> [Problem statement] From first line to last, transcribe the listing exactly and skip any image.

> [Material provided]
-- Opening Marker --
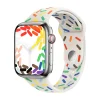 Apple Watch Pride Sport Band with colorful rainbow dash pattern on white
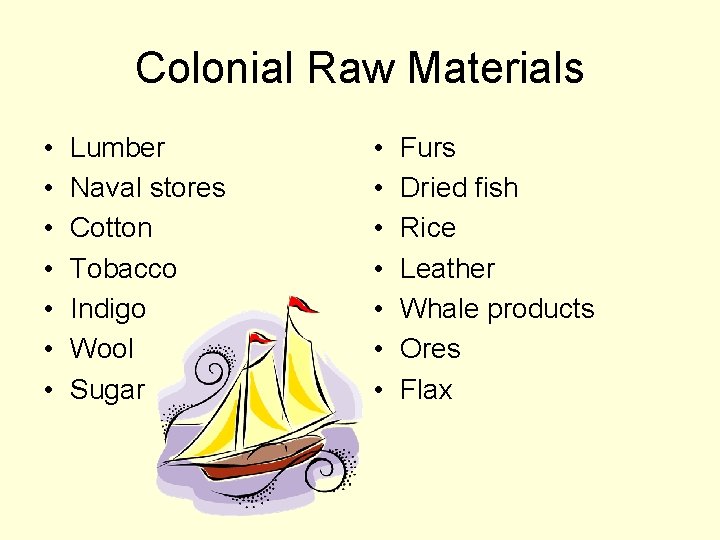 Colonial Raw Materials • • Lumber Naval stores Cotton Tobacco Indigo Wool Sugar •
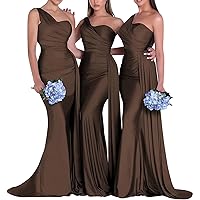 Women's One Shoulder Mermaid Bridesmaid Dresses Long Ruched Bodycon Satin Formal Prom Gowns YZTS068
-- Closing Marker --
> [Answer to this exercise]
 Apple Watch Pride Sport Band with colorful rainbow dash pattern on white
 Colonial Raw Materials • • Lumber Naval stores Cotton Tobacco Indigo Wool Sugar •
 Women's One Shoulder Mermaid Bridesmaid Dresses Long Ruched Bodycon Satin Formal Prom Gowns YZTS068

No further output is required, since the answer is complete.